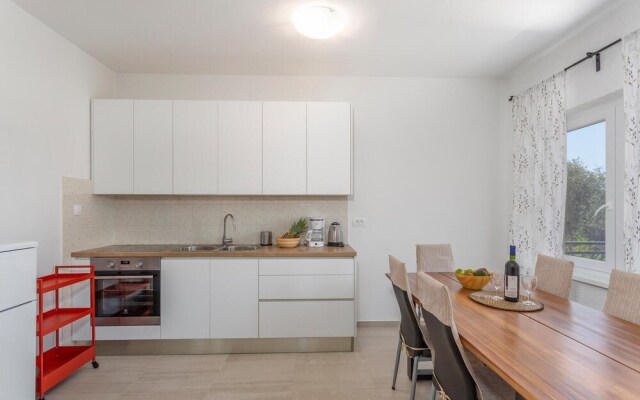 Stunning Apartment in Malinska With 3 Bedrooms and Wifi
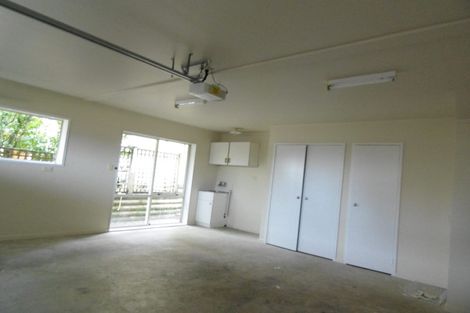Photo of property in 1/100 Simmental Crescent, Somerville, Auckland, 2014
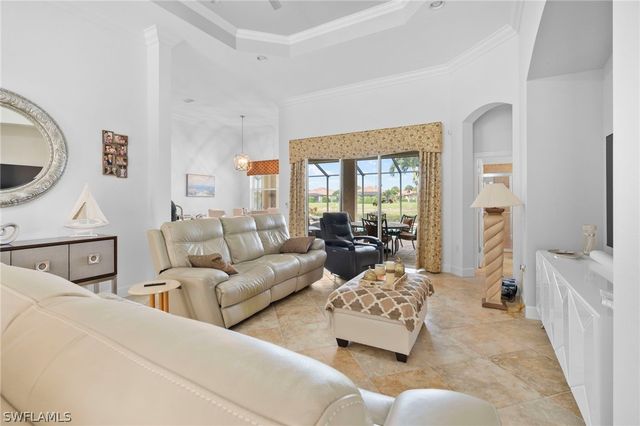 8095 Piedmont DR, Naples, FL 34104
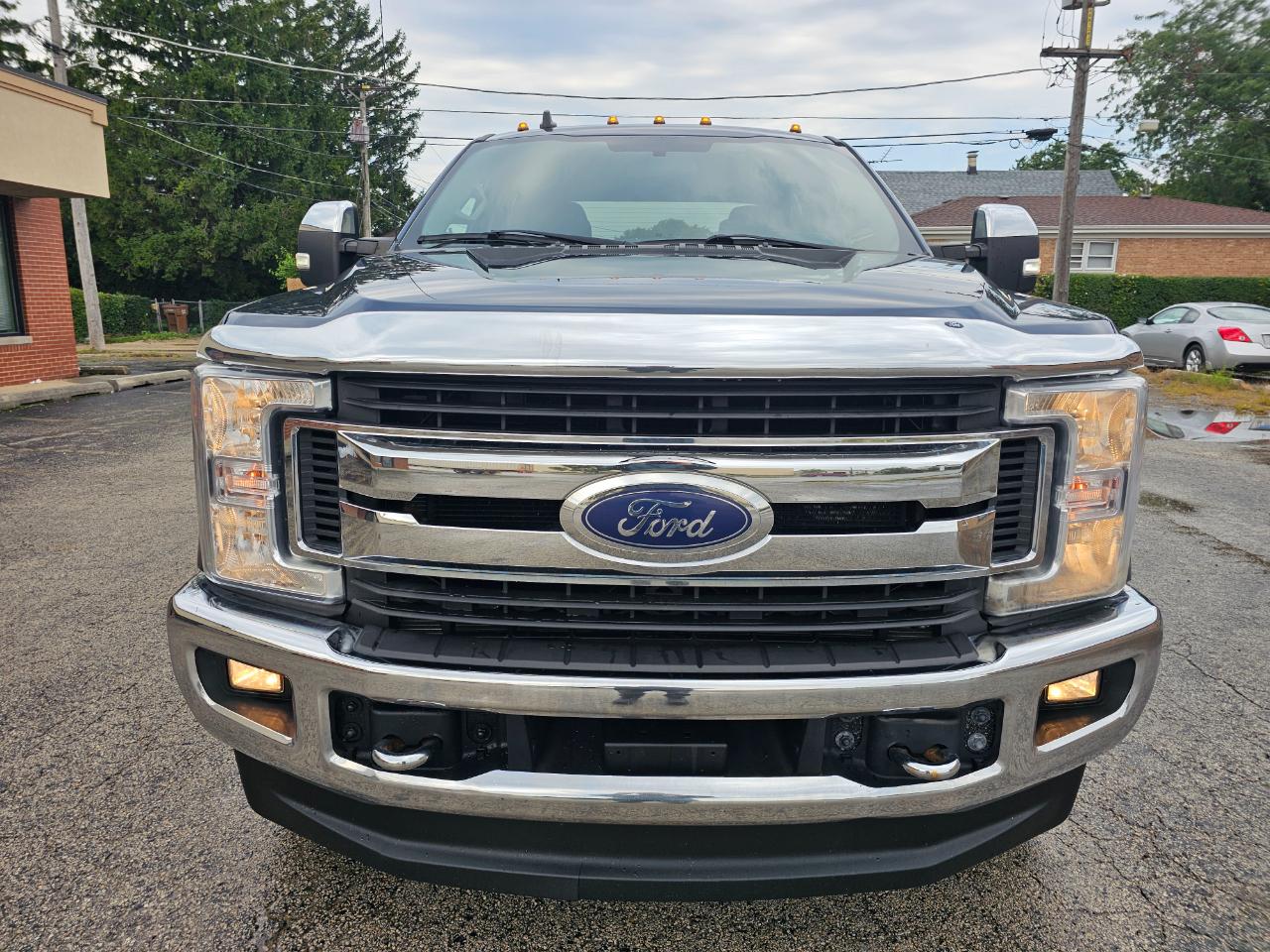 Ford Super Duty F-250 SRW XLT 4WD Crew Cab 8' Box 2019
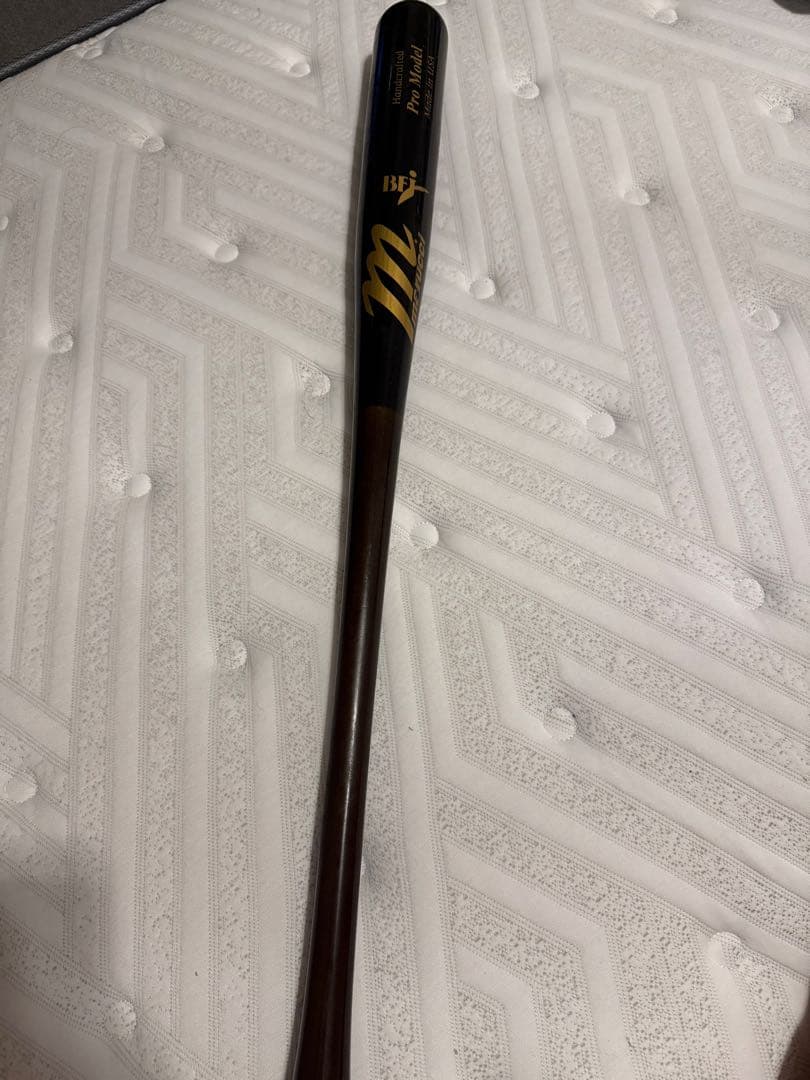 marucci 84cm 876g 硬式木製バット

...

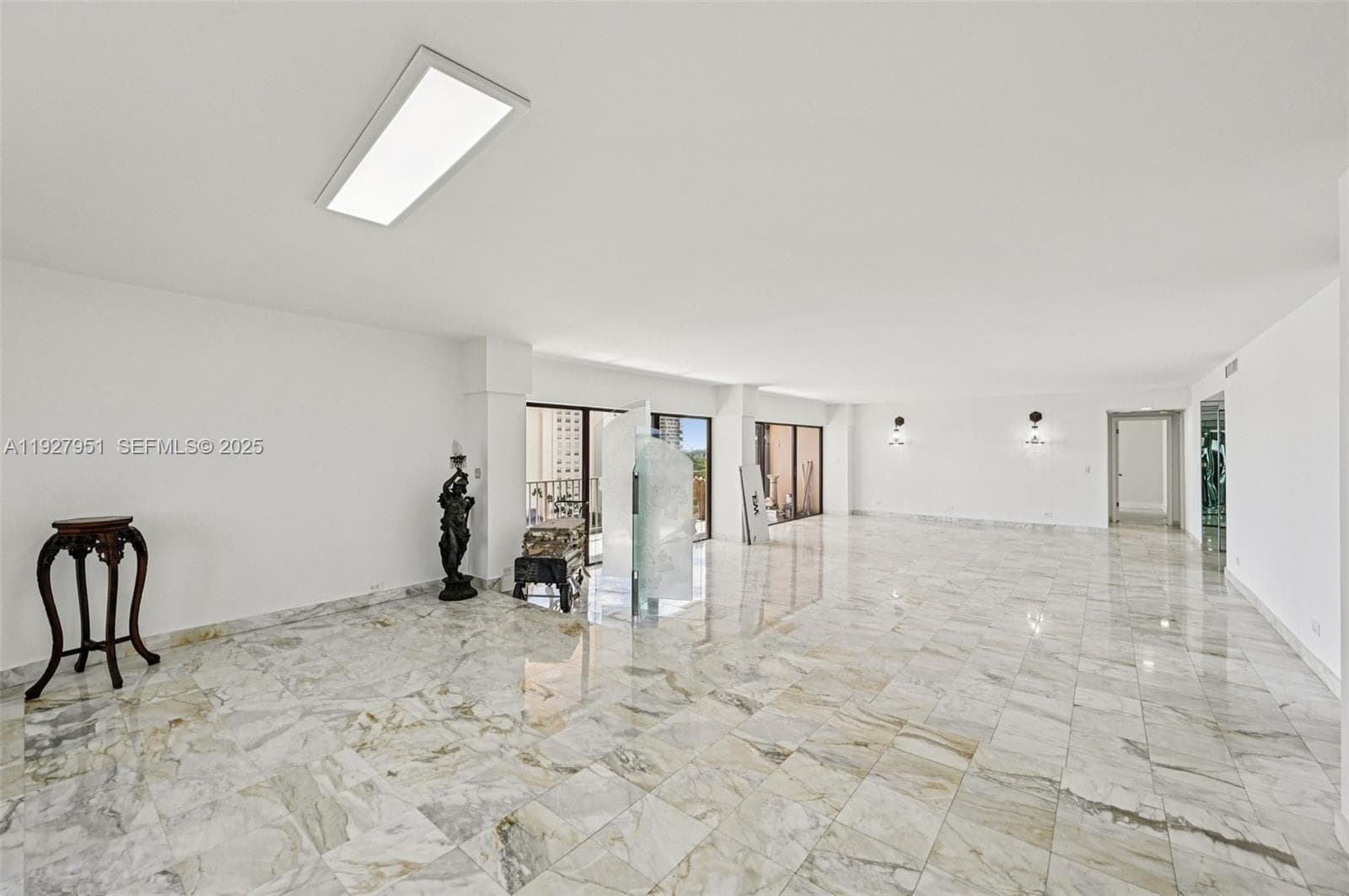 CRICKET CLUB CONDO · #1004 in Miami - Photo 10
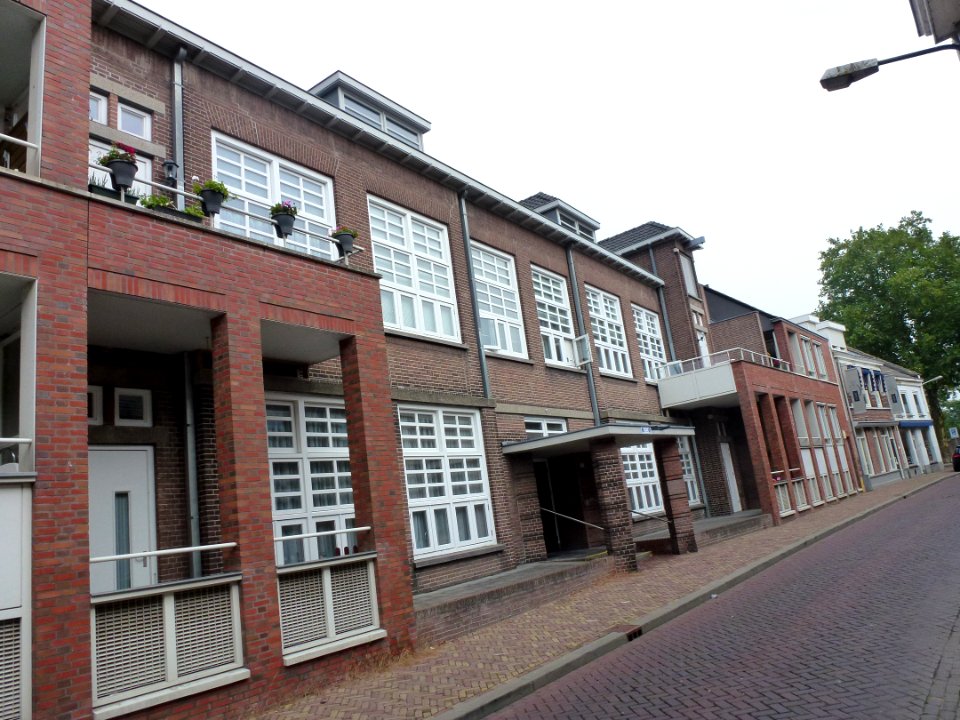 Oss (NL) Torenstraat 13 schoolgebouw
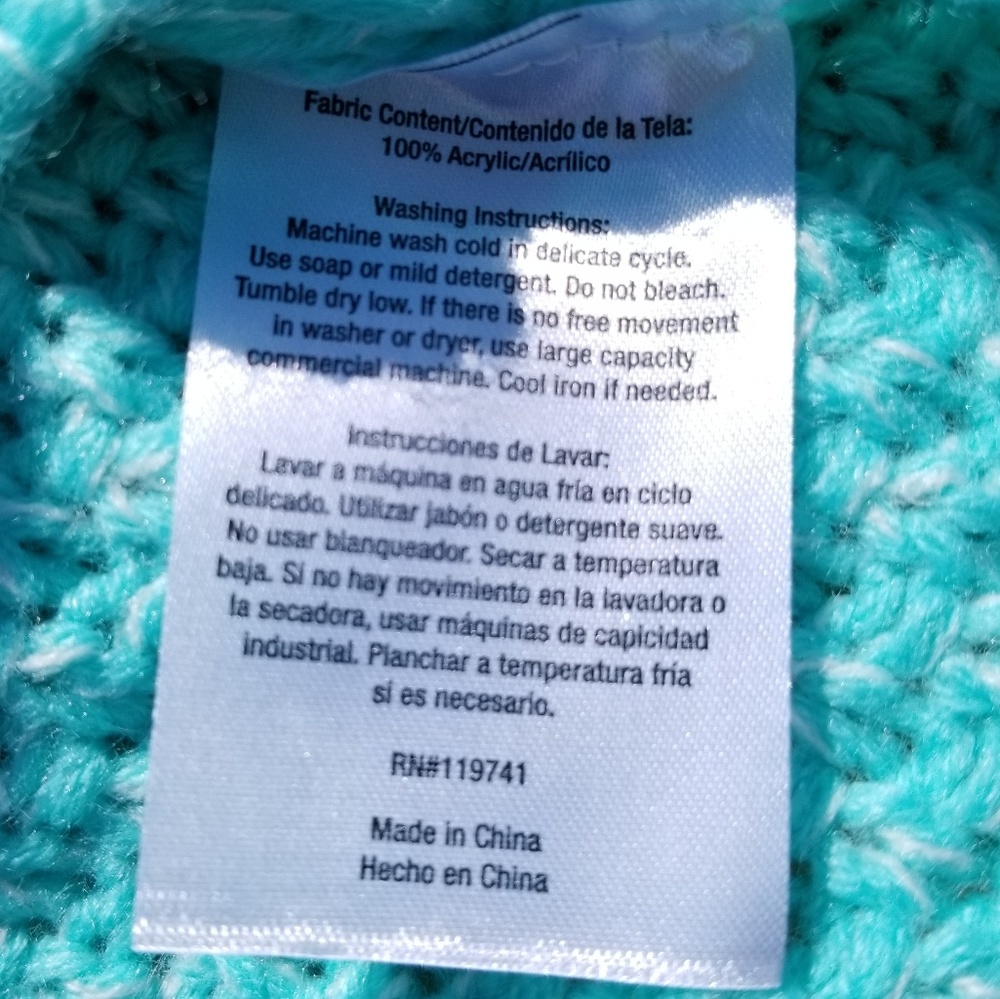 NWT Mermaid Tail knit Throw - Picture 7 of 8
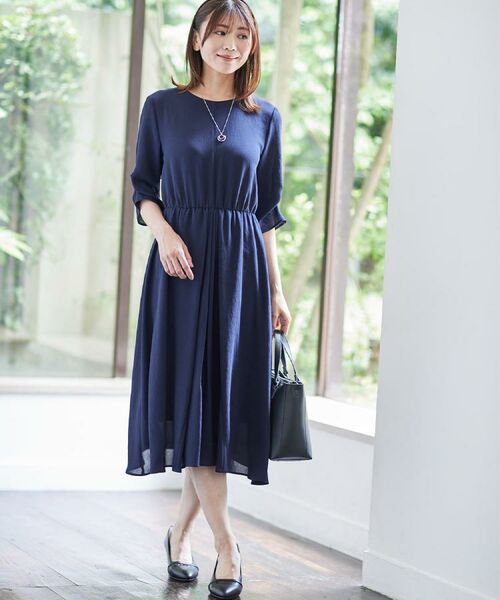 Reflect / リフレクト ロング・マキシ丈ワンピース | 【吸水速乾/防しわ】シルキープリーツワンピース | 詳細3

- Task objective: Find the line with "Photo of property" in the data above, and from there retype each line exactly through the line with "marucci 84cm 876g 硬式木製バット", skipping the pictures along the way.

- Exercise answer:
Photo of property in 1/100 Simmental Crescent, Somerville, Auckland, 2014
 8095 Piedmont DR, Naples, FL 34104
 Ford Super Duty F-250 SRW XLT 4WD Crew Cab 8' Box 2019
 marucci 84cm 876g 硬式木製バット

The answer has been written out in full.